Mortgage

Refinancing Your Reverse Mortgage – What’s The Story

Friday, April 2nd, 2010

Reverse Mortgage

A mortgage can be refinanced when the terms are up or if you pay a late penalty fee to end the mortgage. Sometimes this pays to do so especially if the interest rates have dropped like they have recently. But can you do the same thing with a reverse mortgage? Yes, currently you can get a line of credit for your reverse mortgage and then this will be what you take for refinancing. When your house prices go up, the amount of the reverse mortgage can be reevaluated and refinanced according to the new value of the house. This can come in handy if property prices go through the roof which they tend to do – especially as there is a no negative equity guarantee meaning you will never owe more than the value of your home. Maybe this kind of refinancing is worth a look?

Understanding Home Loans

Monday, August 31st, 2009

There are various types of home loan available in the market. This home loan varies from one financial institution or bank to another. It does not matter that whether you are purchasing home for the first time or you have purchased home at the earlier times. There are various monetary options available in the market. It is necessary to do a proper research on various options because doing the research is the only thing which can give us a better option to choose.

Home loans are generally available on two types of rates. These rates are called as fixed rates and variable rates. You need to find out that which option would be the best for you. For doing that first of all compare the rates available in the market. Now you should look that what is the monthly installment which you can comfortably afford. There are certain times in the market when the interest rates are low.

At that point of time, it is better to choose fixed rates. These fixed rates could be beneficial at the time of low interest rates because these rates are not going to be changed even if the market interest rates are high. Variable interest rate home loans are those which depend on the rates of the market. There is another term which is called as hybrid rate loan. This hybrid rate loan is a mixture of variable and fixed rate. The rate is fixed at the beginning and later on it changes to variable rate.

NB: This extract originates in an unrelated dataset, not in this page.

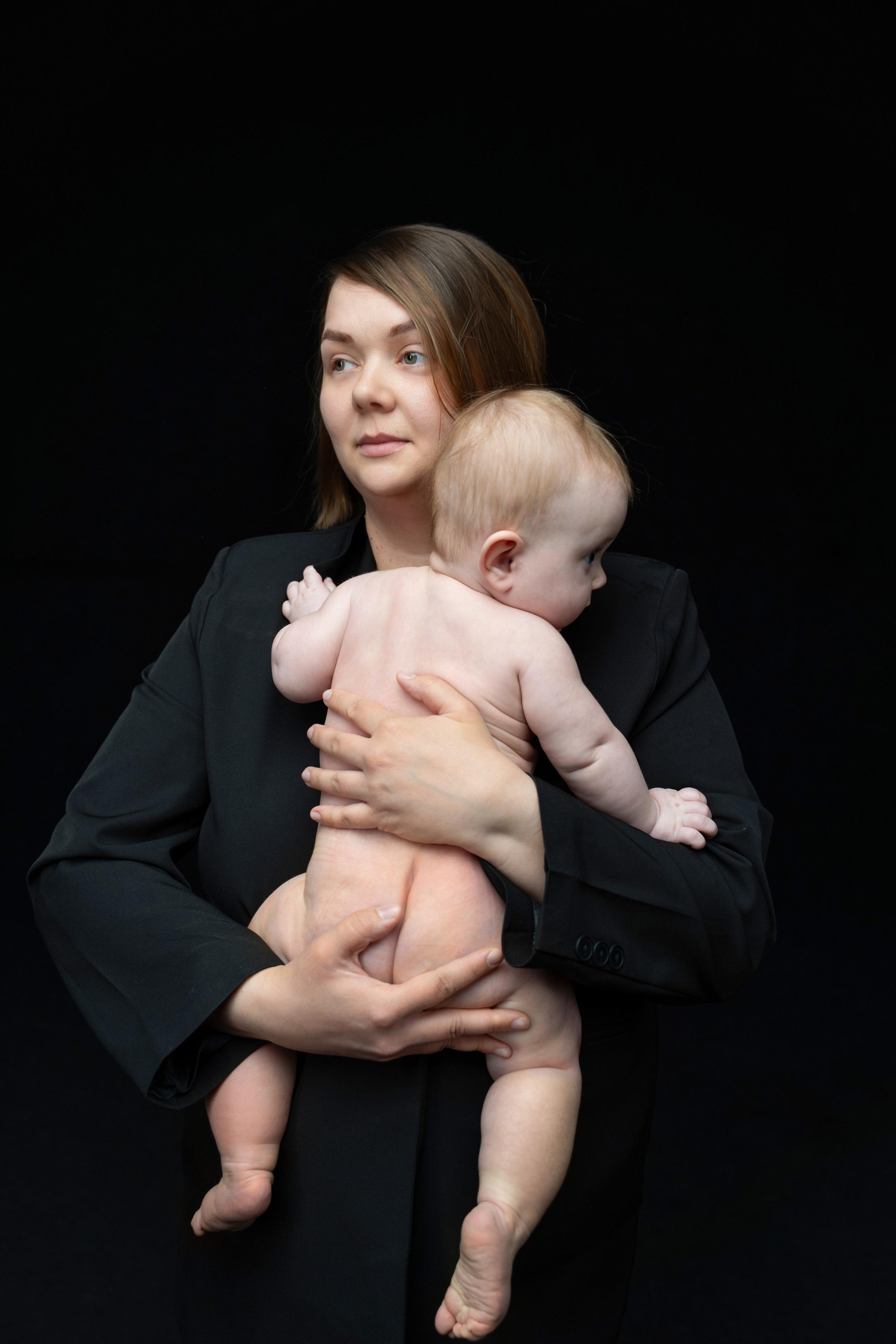 Екатерина с дочкой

It is necessary for you to make a proper balance between your household expenses and your home loan monthly installment. Discuss with your family and try to cut those expenses in your house which are not that much necessary. With this way you would be able to finish the installments more quickly. You can enjoy a free life after completing your loan installments.

Subprime Mortgage

Wednesday, March 4th, 2009

This is a mortgage which is generally for those borrowers whose credit scores are near to the ground. Those borrowers who credit scores are low do not get offers of general type of mortgages. The main reason is the consideration of lenders towards this section as a high-risk section. The interest rates on subprime mortgage are usually higher in comparison to general mortgages because of the high risk factor involved. The lenders who offer these loans are called as sub-prime lenders. This mortgage is for those people who do not meet the criteria for common loans from conventional lenders.  The person who is taking the loan is called as sub-prime borrowers and these are the borrowers who did not meet the required criteria of a customary mortgage. However they are completing the requirement of sub-prime mortgage.

Those people whose credit scores are less than 600 comes in this group. They generally pay a huge amount as an interest. There are various reasons due to which a person comes in the category of subprime mortgage. Some reasons are like overdue bill payments and the affirmation of insolvency. Through these reasons people comes in the group of sub-prime mortgage. There could be more causes like the rejection of an application form for an advance due to insufficient down payments, elevated liability to earnings proportion, or a wobbly service record.

Subprime mortgages are separated into a variety of configurations. On all of these configurations only the ARM which is called as adjustable rate mortgage is the most common. In adjustable rate mortgage, the interest rates are fixed in the initial period and after some time it becomes a floating rate. Media played an important role to popularize this term at the time of ‘Credit crisis 2007’.

There was an interesting report on the Wall street journal in the year of 2006 that at least 61% of those people who found themselves in the category of subprime mortgage had sufficient credit scores to meet the criteria of general mortgages. This is happening all due to a great variations in the market.